In his lawsuit, bartender Michael Bolden claims the bar's dress code, which includes no excessively baggy clothes, white T-shirts, hoodies or athletic jerseys, was just part of a pattern of racial discrimination.
After Hunter's Alternative Wednesdays began to bring many "nonwhite" patrons to the bar, management took steps to end the event, Bolden claims.
Cited in the suit are text messages allegedly between the bar's general manager, Walt Wyrsta, and the Wednesday-night manager, Kathryn Killian, including one from Wyrsta that read, "We don't want black people we are a white bar!"
Bolden's attorney, Laura Mattiacci, declined to say how the texts were obtained. In a written statement, Bolden, 29, who is still employed at McFadden's and who also works as a lawyer with Community Legal Services, said a "culture of exclusion" exists at bars, including "dress codes, marketing or policies by the security staff."
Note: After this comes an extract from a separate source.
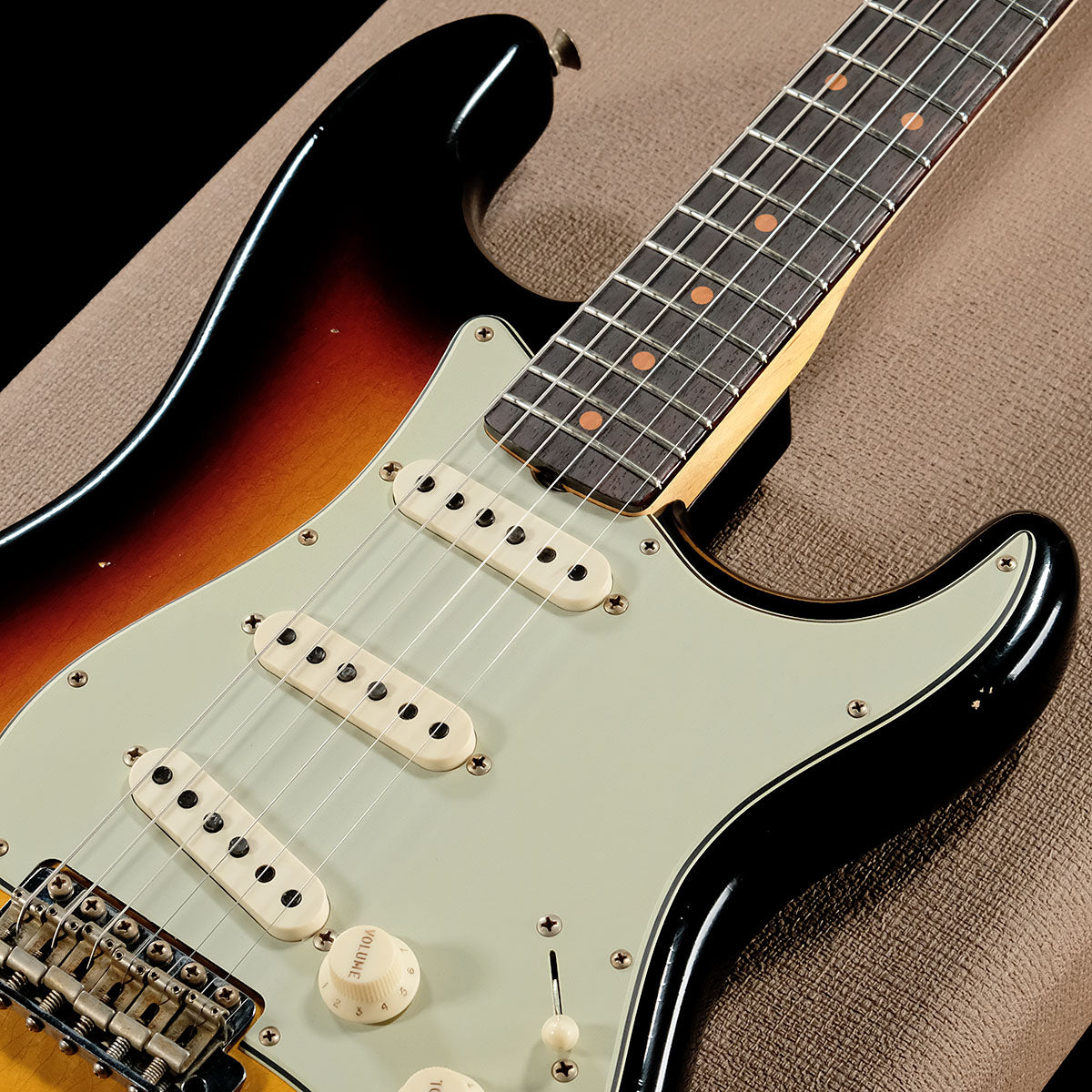 [SN CZ578780] USED Fender Custom Shop / 1960 Stratocaster Journeyman Relic 3-Tone Sunburst 2024 [05]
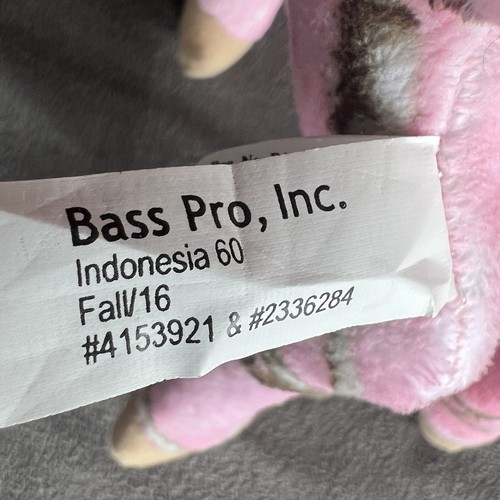 Artista de Vida Silvestre Rosa Camuflaje Salvaje 9” BUCK DEER Peluche Animal Realtree - Imagen 8 de 15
"The one constant is that it is often subtle, behind the scenes and typically, not written down. And therein lies the problem: How do you challenge a system, since it seems one cannot even prove it exists," Bolden wrote. "Well, now I can. I feel a sense of moral obligation to take a stand."
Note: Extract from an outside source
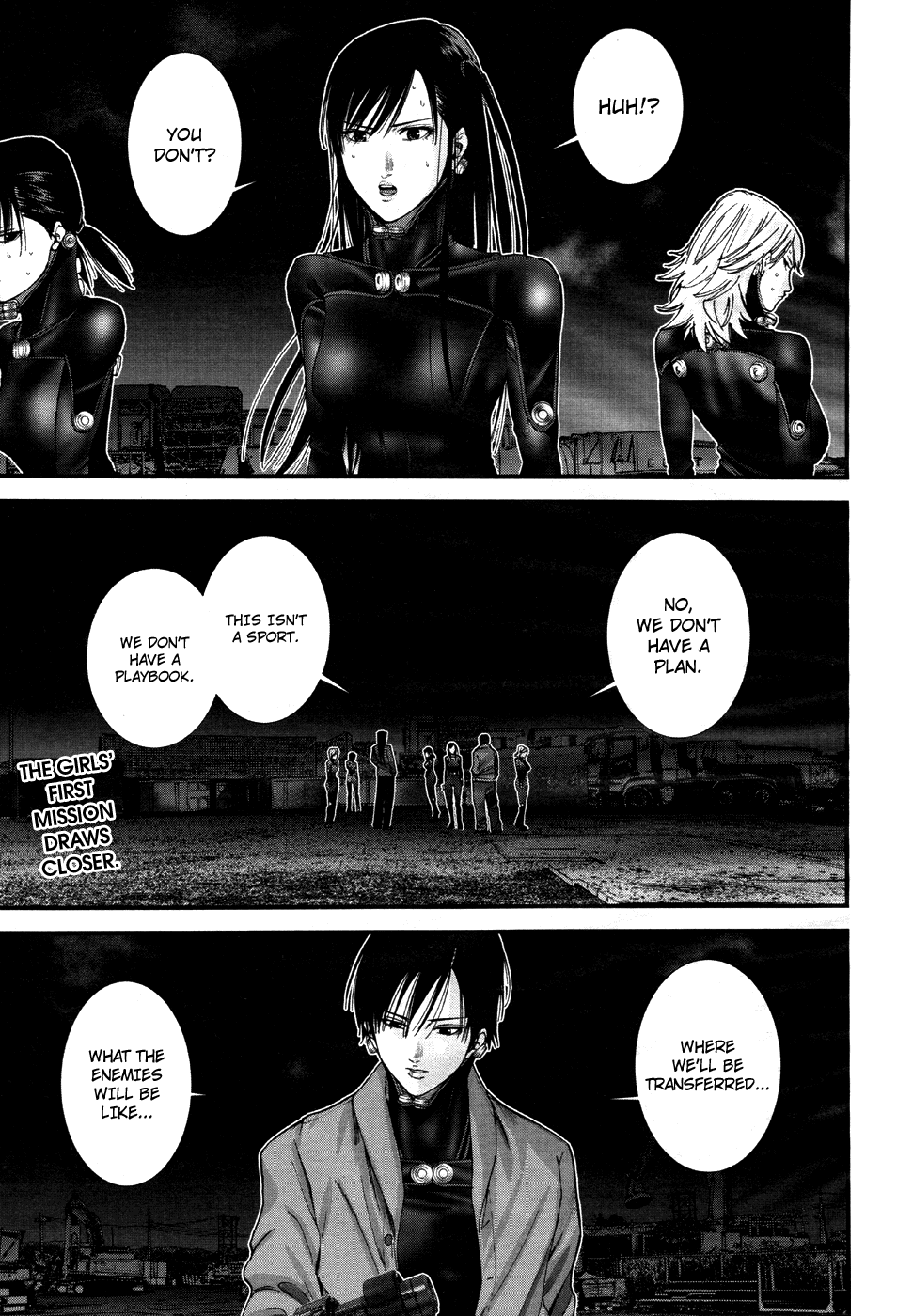 Gantz:G Chapter 11 page 8 - Chapter 11: Two More Days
Hunter said she approached the bar in April about holding a Wednesday-night event. She said that a McFadden's manager told her they were getting only 50 patrons in the bar on Wednesdays at that time and that she told them she'd bring in 200.
On peak nights, there were as many as 400 to 800 people attending the event, she said.
Hunter said she overlooked little things that now seem to fit the pattern of discrimination Bolden referred to in his suit.
Among them, she said, was the way she heard staff sometimes characterize her event.